Decreasing rates of venous thromboembolism after radical cystectomy: an encouraging trend and more work is still needed
Editorial

Decreasing rates of venous thromboembolism after radical cystectomy: an encouraging trend and more work is still needed

Kristen McAlpine1, Luke T. Lavallée1,2

1Division of Urology, 2The Ottawa Hospital Research Institute, University of Ottawa, Ottawa, ON, Canada

Correspondence to: Luke T. Lavallée, MDCM, MSc, FRCSC. The Ottawa Hospital Research Institute, Urologic Oncologist, Division of Urology, The University of Ottawa, General Campus, 501 ch. Smyth Rd. Box/C.P. 222, Ottawa, ON, K1H 8L6, Canada. Email: lulavallee@toh.ca.

Provenance: This is a Guest Editorial commissioned by Section Editor Xiao Li (Department of Urology, Jiangsu Cancer Hospital & Jiangsu Institute of Cancer Research & Nanjing Medical University Affiliated Cancer Hospital, Nanjing, China).

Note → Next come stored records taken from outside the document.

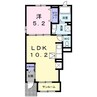 カーサ．ウエストウッドⅡ 1LDKの間取り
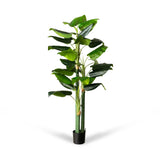 70-inch artificial wild taro tree with glossy green leaves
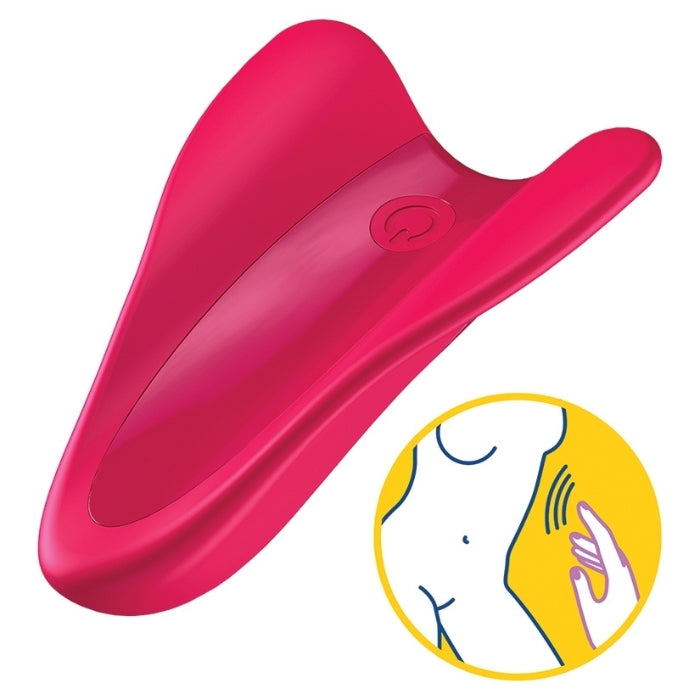 High Fly Finger with its ergonomic wings and delicate body, the Satisfyer High Fly is perfect for stimulating all the erogenous zones. Its versatile, playful design and ease of use make it the perfect product for newbies. Versatile finger vibrator for stimulating all the erogenous zones.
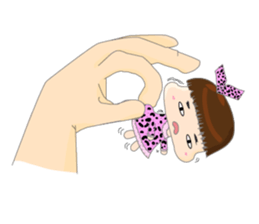 Dumpling face Girl - Ohpoo sticker #13225206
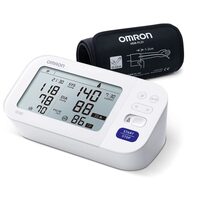"Tensiometru digital de brat, Omron M6 Confort, functie AFIB, manseta Intelli Wrap Cuff (22-42 cm), 2 utilizatori x 100 memorii "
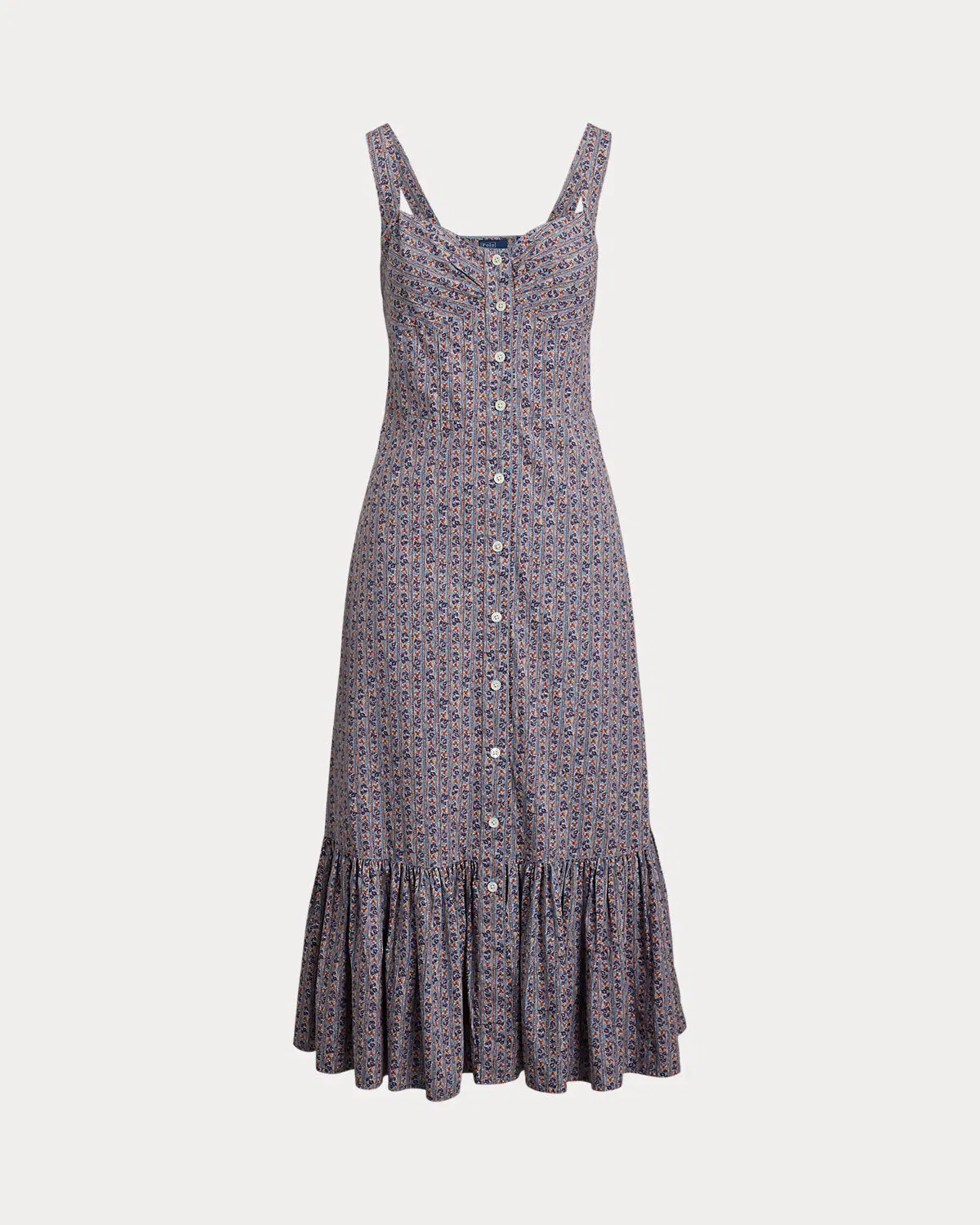Ralph Lauren Floral Cotton Buttoned Dress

Comment on: Lyon TD, Tollefson MK, Shah PH, et al. Temporal trends in venous thromboembolism after radical cystectomy. Urol Oncol 2018;36:361.e15-361.e21.


Submitted Jul 22, 2018. Accepted for publication Jul 26, 2018.

doi: 10.21037/tau.2018.07.15


Venous thromboembolism (VTE) following major cancer surgery is a significant cause of preventable morbidity and mortality. VTE is the leading cause of non-cancer related death after abdominopelvic surgery for cancer, and improvements in risk assessment as well as strategies for prevention and treatment are needed (1).

In this study by Lyon et al. published in May 2018, the temporal trend in VTE rates after radical cystectomy were assessed using the American College of Surgeons’ National Surgical Quality Improvement Program (NSQIP) (2). This study reported decreasing rates of VTE after radical cystectomy from 5.1% in 2011 to 2.8% in 2016 (2).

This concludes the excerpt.